L’invité du Grand entretien de Tama Média cette semaine est : Yvan Guichaoua, spécialiste du Sahel et des questions de sécurité,  enseignant-chercheur en analyse des conflits internationaux à la Brussels School of International Studies (Université de Kent).

Yvan Guichaoua
Yvan Guichaoua – la Mission de l’ONU au Mali, « une parfaite illustration des tourments de la Communauté internationale contemporaine

Biographie express : Yvan Guichaoua est titulaire d’un doctorat en économie de l’École des hautes études en sciences sociales (Paris), il est auteur de plusieurs publications scientifiques et rapports externes sur les questions de sécurité et de gouvernance dans des pays d’Afrique de l’Ouest [Mali, Niger, Nigéria, Côte d’Ivoire] depuis plus de deux décennies. Alors que l’avenir de la Mission de l’ONU au Mali se posait encore, surtout dans les cercles diplomatique et scientifique ou intellectuel, après le départ précipité de la force française Barkhane, l’enseignant – chercheur a publié, aux côtés d’autres chercheurs, une contribution dans un numéro spécial [Vol. 8, n° 1-2 JANVIER – FÉVRIER 2023] du Centre FrancoPaix en résolution des conflits et missions de paix.

Son article est intitulé « Maintenir la paix après Barkhane. La MINUSMA est-elle en voie de zombification ? ». Dans ce grand entretien accordé à Tama Média, il analyse les enjeux principaux, notamment d’ordre économique, sécuritaire et politique pour le Mali, liés à la fin actée de la Minusma. Pour le chercheur, le Mali est « une parfaite illustration des tourments de la Communauté internationale contemporaine au plan opérationnel mais aussi au plan idéologique (intellectuel) ».


Grand entretien – Tama Média

Vendredi 30 juin, comment vous avez suivi cette réunion du Conseil de sécurité qui entérine la fin de la Minusma ?

J’étais connecté sur le site des Nations Unies [UN Web TV] qui permettait de voir une retransmission en live. J’ai suivi les interventions de tous les pays qui avaient souhaité prendre la parole, les uns après les autres. Cette session n’avait pas énormément de suspense vu que la résolution avait été déjà diffusée plus ou moins officiellement sur les réseaux sociaux et dans la presse. Donc, on savait déjà ce qui allait être soumis au vote. La seule incertitude qui existait était sur le fait qu’il y ait unanimité ou non au moment du vote. Il y a eu finalement unanimité.

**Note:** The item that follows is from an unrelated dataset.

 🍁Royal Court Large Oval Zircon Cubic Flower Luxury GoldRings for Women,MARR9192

Ce qui m’a intéressé au sujet des interventions des différents pays, c’est qu’il y avait globalement deux sons de cloche principaux. La plupart des pays qui regrettait que les choses se terminent ainsi et qui rappelait au Mali ses obligations, notamment vis-à-vis de l’APR [Accord pour la paix et la réconciliation] ou la protection des civils. Il y avait un peu de variation d’un pays à l’autre, mais le cœur du discours était identique. Il y avait aussi des choses autour des hommages rendus aux Casques bleus tombés. Ensuite, il y avait deux exceptions : la Chine et la Russie qui ont dit qu’elles allaient poursuivre la coopération bilatérale parce qu’il était important de préserver les choix souverains du Mali.

Comment expliquer le fait surtout que les 15 membres du Conseil de sécurité aient voté cette résolution à l’unanimité ?

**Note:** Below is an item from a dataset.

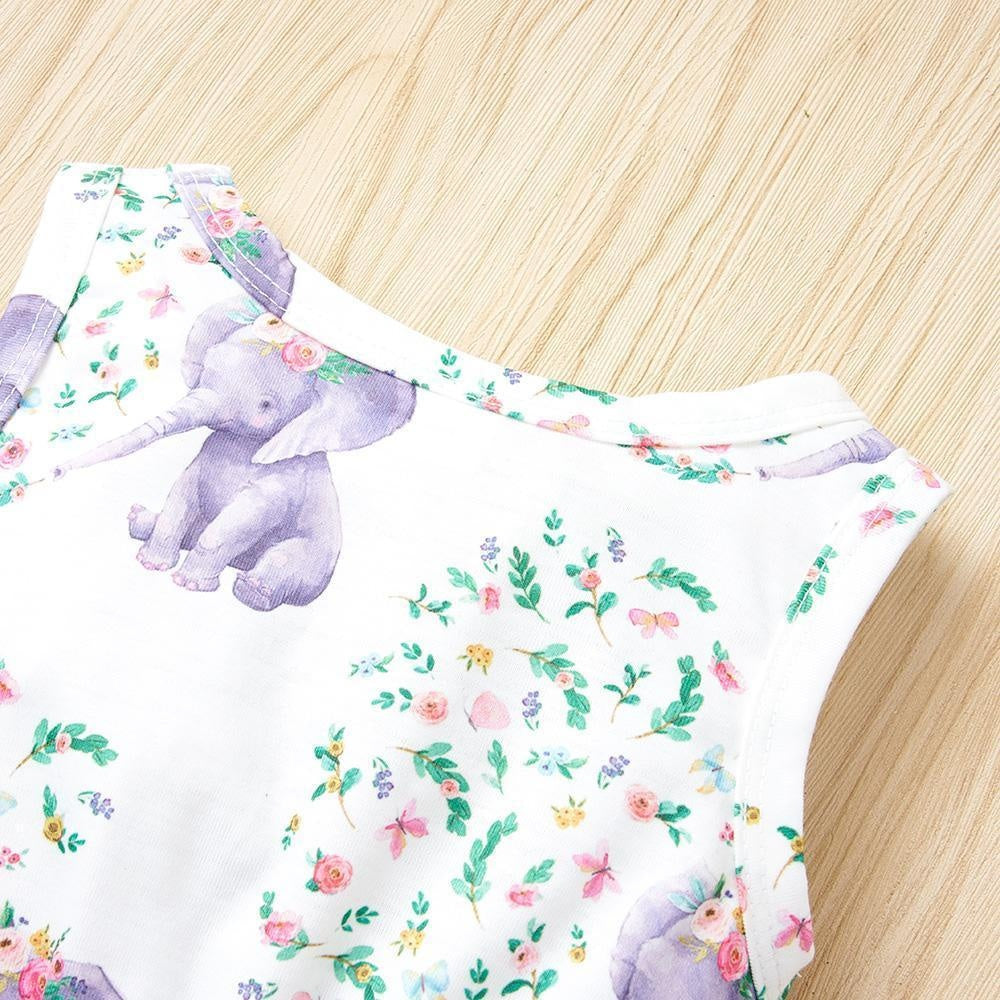 2PCS Cartoon Elephant Floral Printed Baby Romper - MomyMall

Comme je vous le disais tout à l’heure, il y avait effectivement une petite incertitude sur l’unanimité. Mais le suspense a été immédiatement levé parce que le vote a lieu en tout début de séance et à main levée. Ce qui a donné lieu à l’unanimité des pays membres du Conseil de sécurité. Ce qui veut dire que la résolution qui a été présentée en amont — par la France en tant que « plume » rédigeant les résolutions concernant le Mali — a tenu compte des différents protagonistes notamment des demandes du Mali. Pour rappel, le Mali avait renié la France dans son rôle de plume, en tant que pays qui rédige les brouillons des résolutions qu’il soumet aux autres membres du Conseil de sécurité.

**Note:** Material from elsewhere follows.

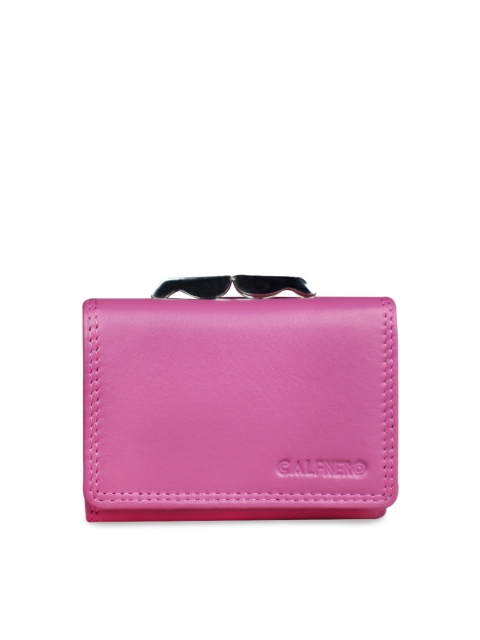 CALFNERO Pink Solid Purse Leather Clutch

Ce processus donne lieu à des va-et-vient, des révisions et des amendements. Cela veut dire que la France a finalement tenu compte des apports des uns et des autres ; et, surtout, de la volonté exprimée par le Mali de se débarrasser au plus vite de la Minusma. Les Français n’ont pas cherché une confrontation avec le Mali. De toutes les façons, cela aurait été une confrontation totalement contre-productive. Tout le monde s’est rendu à la raison. C’est-à-dire que si le pays hôte n’est pas d’accord, on ne peut rien faire contre sa volonté. Donc, ce qui restait à discuter, c’était les aspects techniques du retrait, son échéancier et ce que la Minusma est autorisée à faire dans les différentes phases du retrait [lire à ce sujet sur notre site “Fin de la Minusma : ce qui est désormais autorisé à la mission onusienne malgré la fin de son mandat“].

« Le plan tel qu’il est préparé est finalement à la fois précis dans le calendrier mais aussi relativement flexible dans les différentes étapes car il laisse des marges d’interprétation – ce qu’on appelle en diplomatie ‘l’ambiguïté constructive’ »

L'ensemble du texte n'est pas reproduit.